Hello, I’m messing around with transformers right now, and I’m trying to modify the encoded representation with a modified LSTM (the goal is to continue text in a specific style). I’ve found an example on how to use T.nn.TransformerEncoder, but no examples on how to properly use T.nn.TransformerDecoder. How am I supposed to use it? I’ve read about how decoders work in general, but I can’t find anything about the specific pytorch implementation. How should I use it for training vs inference? do I manually have to put the output of the transformer into the tgt during inference, or is that done automatically? What does tgt_is_causal do?
I’ve included a snippet of my code if that’s useful at all.
def forward(self, x, mhx, tgt= None):
embedded_seq = self.embedding(x) * math.sqrt(self.emb_dim)
embedded_seq = self.pos_encoder(embedded_seq)
if src_mask is None:
"""Generate a square causal mask for the sequence. The masked positions are filled with float('-inf').

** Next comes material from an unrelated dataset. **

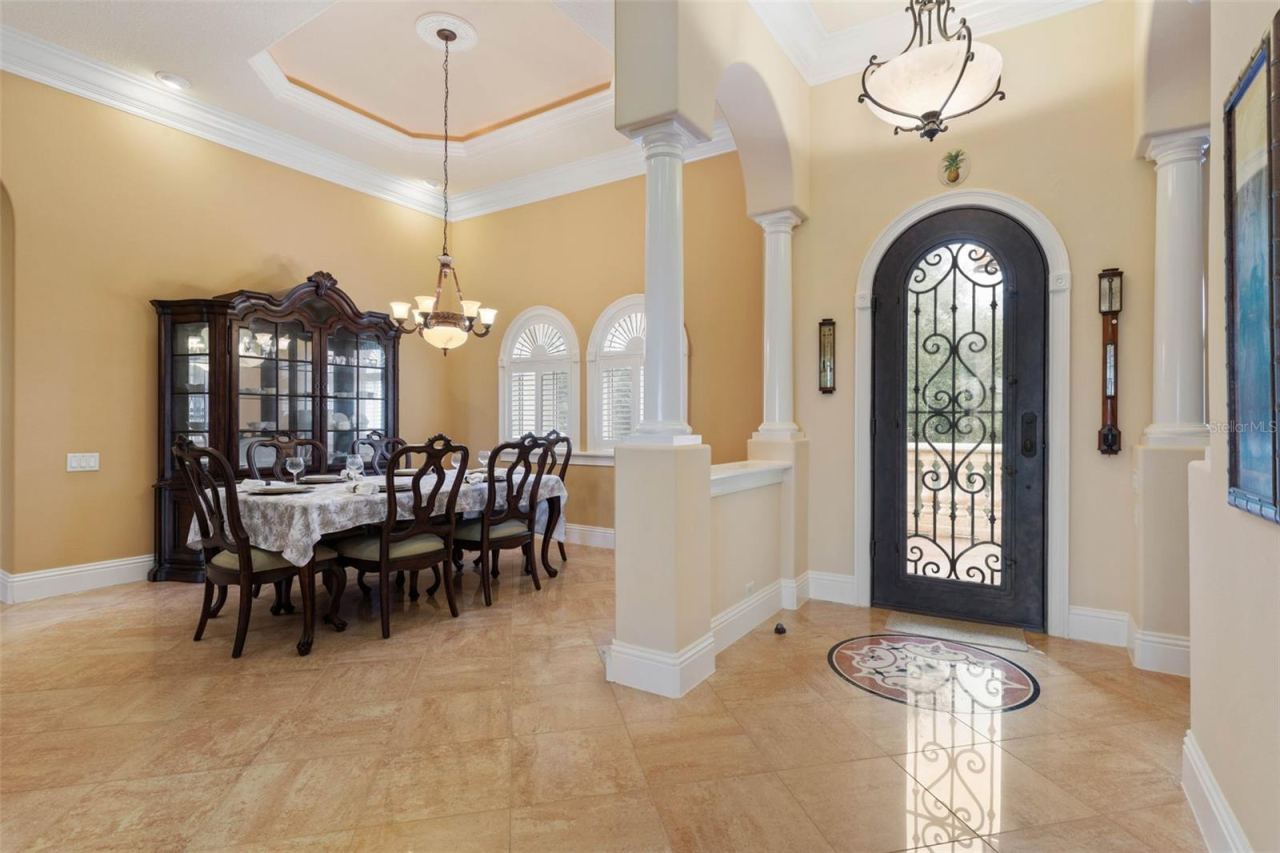 Photo 19 of 20: Foyer, formal dining room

Unmasked positions are filled with float(0.0).
"""
src_mask = nn.Transformer.generate_square_subsequent_mask(len(embedded_seq)).to(device)
encoded_seq = self.transformer_encoder(embedded_seq, src_mask)
# Take the encoded sequence, repeat once over the time axis, and stick that into the DNC. (to give the DNC time to analyze & plan)
processed_seq, (chx, mhx, rv) = self.vector_machine(T.cat( (encoded_seq, encoded_seq),1), (None, mhx, None), reset_experience=True, pass_through_memory=True)
#split the processed sequence into two parts, taking the second half and adding it to the encoded sequence as a skip layer.
processed_seq = T.chunk(processed_seq,2,dim=1)[1] + encoded_seq
#TODO: put decoder here.
return decoded_seq, (chx, mhx, rv)
Is there any example for proper use of the pytorch transformer decoder?